People don’t use the word sexagenarian much. Because of lack of use one associates it with being a sexpot or something related to youth. Let’s face it. After turning sixty aging accelerates. Most of us are not as sexy as we may think, despite genetics, efforts, and vague intentions. It’s more like we are clinging to youth rather than embracing our experience.
My sixties have been about life after the big job. During my last year in transportation and logistics I was tracking to make more than $100,000 annually. Since then, it’s been about making do on a much lower income. I turned 60 more than two years after leaving my career and despite a couple of bumps, have been okay financially.
A person who said being sexagenarian is about getting ready to turn seventy would not be wrong. Septuagenarians and octogenarians have to make do with less. Practice makes perfect, or rather semi-perfect. Life is what you make it, they say. I’m spending more time doing what I want. 70 is coming right up and I haven’t thought about life as a septuagenarian. Having given up on youth, I suppose I’m clinging to middle age. I need to let go of that, too.
In graduate school we studied aging in America and part of aging is being a survivor. Since 2018, too many friends, mostly younger than me, have died. More than a dozen neighbors died during the last couple of years and only one of them from COVID-19. Should I survive, being a survivor is going to get worse. Planning to survive is part of being a sexagenarian.

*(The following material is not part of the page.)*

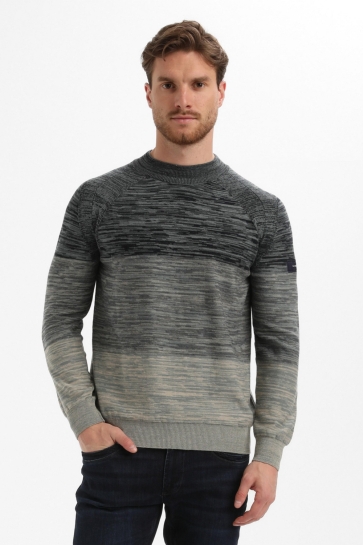 Gabbiano Trui GEMELEERDE TRUI MET HIGHNECKKRAAG 615765 Teal Blue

The decision to retire at age 58 was sound. Had I continued, the kind of stress I experienced would most certainly have led to a premature death. After losing interest in my career, I luckily recognized it was time to go and did. As a result, I’m here to tell about it and using my sexagenarian years to prepare for and live a more varied retirement.
However, the word sexagenarian just sounds wrong. I’d rather have no part of it even though I’m close to outliving those years. Like with anything, we believe the best is yet to come, regardless of the weight of an aging frame. A sexagenarian knows better.
One reply on “Being Sexagenarian”
I recently turned 71, and after my triple bypass surgery and a quarter of a million dollars spent by the VA to fix me up, I’m doing great! My Social Security, pension from IPERS and VA disability has left me with more money than I ever earned working for a living! I fully intend to enjoy life to the fullest for as long as the parts hold out! No regrets from this old fart!